Task statement -> The data is to be repeated exactly, with the images removed.

Given information ->
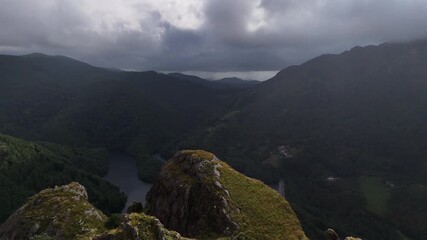 Wall Mural - Aerial shot of Kopakarri peak at Aiako Harria Natural Park at the Basque Country.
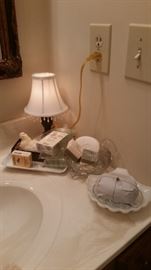 Small lamp, new soaps, soap dishes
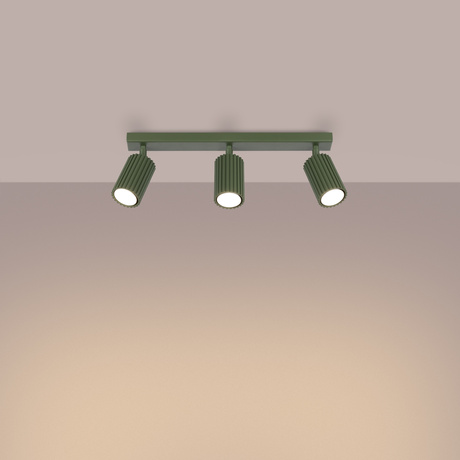 Lámpara de techo KARBON 3L verde oliva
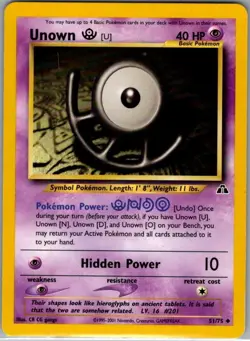 Unown [U] 51/75 Non Holo Neo Discovery - Pokemon Card - NM - Image 1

Answer below ->
 Wall Mural - Aerial shot of Kopakarri peak at Aiako Harria Natural Park at the Basque Country.
 Small lamp, new soaps, soap dishes
 Lámpara de techo KARBON 3L verde oliva
 Unown [U] 51/75 Non Holo Neo Discovery - Pokemon Card - NM - Image 1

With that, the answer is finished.